I mean, open source is doing well, in the sense that pushover license people are fine with Microsoft and others running off, making it proprietary, using it against people, and saying “This is ours now! Nyaaah!”, but open source is a watered-down Free Software, which is strictly about a method of creating software.

And “open source” people have enabled some hideous things.

For example, Andrew Tanenbaum’s MINIX system is probably inside your computer running, right now, if you have a modern Intel system. It’s what powers the “Management Engine”. The Management Engine is a secret computer that you’re not supposed to know about, that can do things behind your operating system’s back, including opening up security holes and backdoors, and even reporting on you to government spy agencies.

Matthew Garrett is one of the people who isn’t exactly adding value to the world. At one point, he did do legitimate Linux kernel work on power management, which benefited real people.

But then he went off and decided it was easier to work for the Evil Empire, and implement boot restrictions, and “shim” bootloaders that you’re not allowed to modify, so that your computer only starts if it’s been signed by Microsoft _and_ their Third Party CA is enabled. Which, it’s not (by default) on these new “Secure Core” Windows “11” PCs.

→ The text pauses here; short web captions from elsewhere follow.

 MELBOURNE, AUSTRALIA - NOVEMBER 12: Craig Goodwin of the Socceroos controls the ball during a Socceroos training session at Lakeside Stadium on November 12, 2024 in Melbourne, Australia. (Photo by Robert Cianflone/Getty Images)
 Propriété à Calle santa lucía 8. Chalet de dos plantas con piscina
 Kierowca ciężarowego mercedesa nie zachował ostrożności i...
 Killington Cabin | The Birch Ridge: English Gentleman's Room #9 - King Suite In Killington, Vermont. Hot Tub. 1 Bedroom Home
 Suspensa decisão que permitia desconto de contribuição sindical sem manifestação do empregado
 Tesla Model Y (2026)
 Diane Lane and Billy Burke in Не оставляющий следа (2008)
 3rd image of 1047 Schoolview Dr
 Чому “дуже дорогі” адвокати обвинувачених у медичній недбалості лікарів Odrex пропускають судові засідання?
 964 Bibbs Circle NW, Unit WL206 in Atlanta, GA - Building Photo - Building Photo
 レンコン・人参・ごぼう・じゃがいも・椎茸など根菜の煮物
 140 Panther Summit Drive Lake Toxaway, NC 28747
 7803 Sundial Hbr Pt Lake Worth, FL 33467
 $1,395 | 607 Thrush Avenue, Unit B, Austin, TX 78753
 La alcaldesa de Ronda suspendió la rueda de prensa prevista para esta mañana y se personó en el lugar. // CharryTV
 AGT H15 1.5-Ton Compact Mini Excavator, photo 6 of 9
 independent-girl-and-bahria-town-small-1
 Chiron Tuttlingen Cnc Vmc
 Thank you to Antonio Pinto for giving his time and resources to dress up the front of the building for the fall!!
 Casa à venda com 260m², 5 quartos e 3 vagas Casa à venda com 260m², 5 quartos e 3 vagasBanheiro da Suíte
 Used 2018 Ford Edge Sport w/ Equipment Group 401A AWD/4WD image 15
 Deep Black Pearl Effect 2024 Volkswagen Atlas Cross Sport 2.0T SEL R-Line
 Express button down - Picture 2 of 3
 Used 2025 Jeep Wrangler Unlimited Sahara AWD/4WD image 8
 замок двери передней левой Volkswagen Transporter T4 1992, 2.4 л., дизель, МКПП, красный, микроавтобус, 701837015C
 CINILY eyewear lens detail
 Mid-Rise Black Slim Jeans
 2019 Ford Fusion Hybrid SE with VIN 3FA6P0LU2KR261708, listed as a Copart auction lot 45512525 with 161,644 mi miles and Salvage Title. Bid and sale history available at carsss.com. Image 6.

Windows 11 is just more useless bloatware from a has-been software company, trying to prop up its ailing marketshare.

Part of the TPM 2.0 requirement was to mask the fact that Windows’ memory and disk footprint quadrupled again. And it managed this incredible feat while accomplishing nothing important that its predecessor couldn’t do already. I’m sure their thinking went that if you have a system new enough for TPM 2.0, you’re less likely to notice the added bloat.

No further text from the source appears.